20151213-01
«El Magnificat», vitral, comunidad de Taizé

En el centro de este potente himno que es el Magnificat, que expresa el ímpetu de los profetas con la profecía de la redención, está también expresada una referencia a la misericordia divina, que puede parecer un agregado retórico. Me parece que, en cambio, la alusión a la misericordia del Padre, en el centro del himno, tiene un valor capital, y contiene la explicación de la concisa, exuberante lista de hechos divinos, que dan una belleza inaudita e inmediatez constante a la improvisación poética de la jovencita quinceañera, que custodiaba y maduraba en su seno a Jesús.

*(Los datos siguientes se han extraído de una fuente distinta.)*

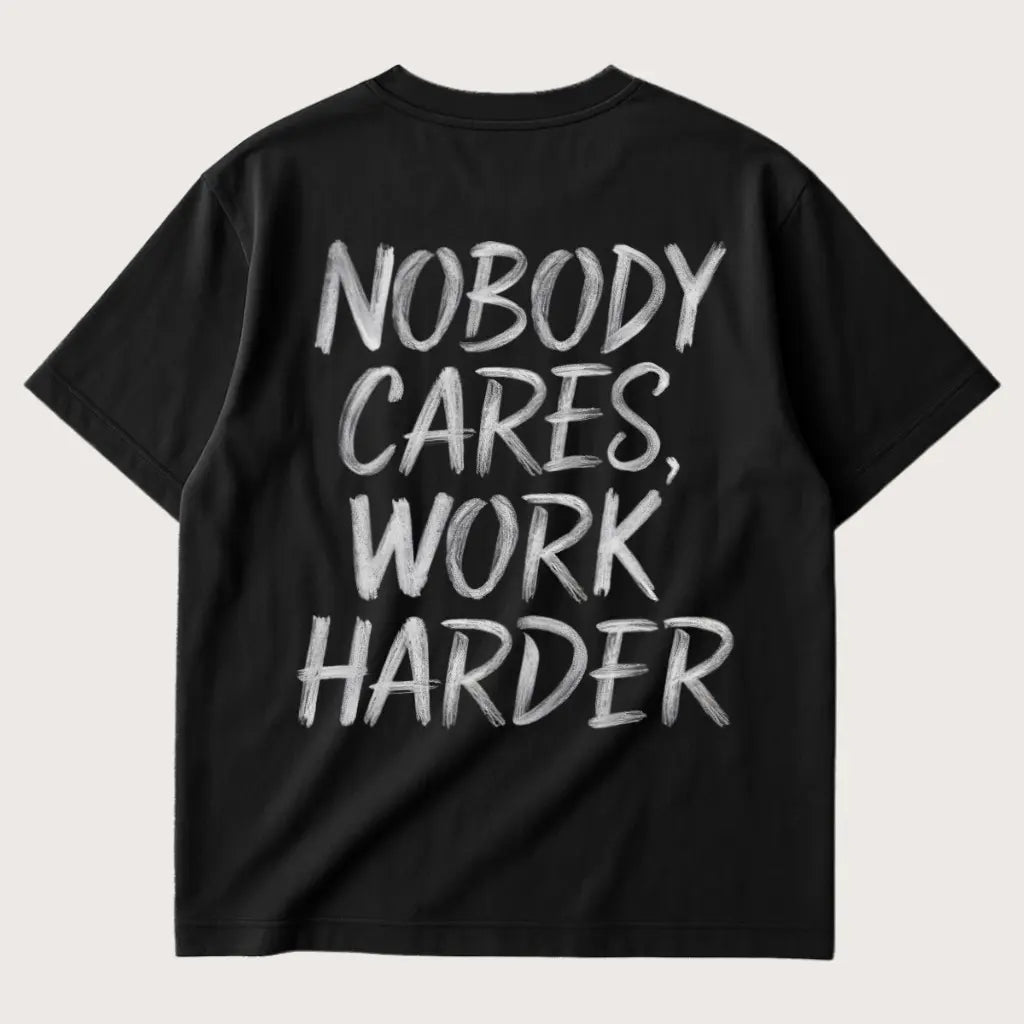 Nobody Cares Work Harder (Backprint) Oversized T-Shirt Black – Steel Spirit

En la primera parte, María exalta al «Potente que hizo grandes cosas» en su «sierva», de modo que todas las generaciones futuras, la declararán bienaventurada. Dios hizo el milagro de la encarnación del Verbo en una joven pobre, humilde, de un desconocido pueblo de Israel; de donde llegará la salvación para la humanidad de todos los tiempos. Por lo tanto ella observa: «su nombre es santo – y su misericordia (va) de generación en generación…»

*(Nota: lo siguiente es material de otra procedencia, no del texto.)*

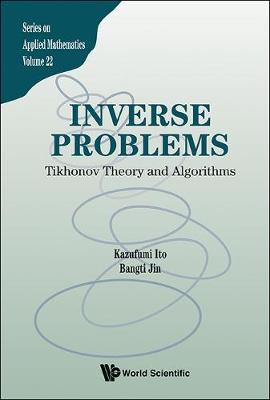 Cover of Inverse Problems: Tikhonov Theory And Algorithms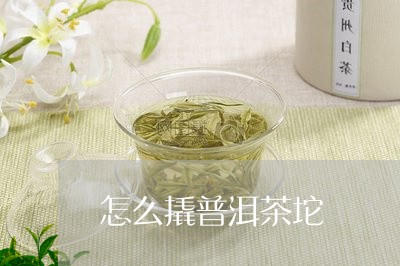 怎么撬普洱茶坨/2023102617281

La redención nace pues, de un acto de piedad del Padre divino hacia los hombres. Si él ha realizado ese prodigio de amor, que sólo un Dios podía realizar, que consiste en el nacimiento del Hijo en la tierra a través de una jovencita del pueblo y de hacerlo morir en un patíbulo por el bien de la humanidad, se debe a un acto de misericordia, se debe a un milagro de esa misericordia, que es el amor elevado al máximo grado.

Esto exige que se perdone al hermano no hasta siete veces, sino hasta setenta veces siete: prácticamente siempre, hasta el infinito; que se lo ame hasta dar la vida por él.

Dios «ha socorrido a Israel, su siervo, – recordándose de la misericordia…».

En síntesis, todo, en el gobierno divino, conduce a la misericordia. Y se verá confirmado y aclarado posteriormente en la conducta de ese Jesús, en nombre de quien María habla, sea cuando le dará de comer a las multitudes y curará enfermos, sea cuando echará a los mercaderes del templo y gritará palabras ásperas contra los fariseos y los soberbios.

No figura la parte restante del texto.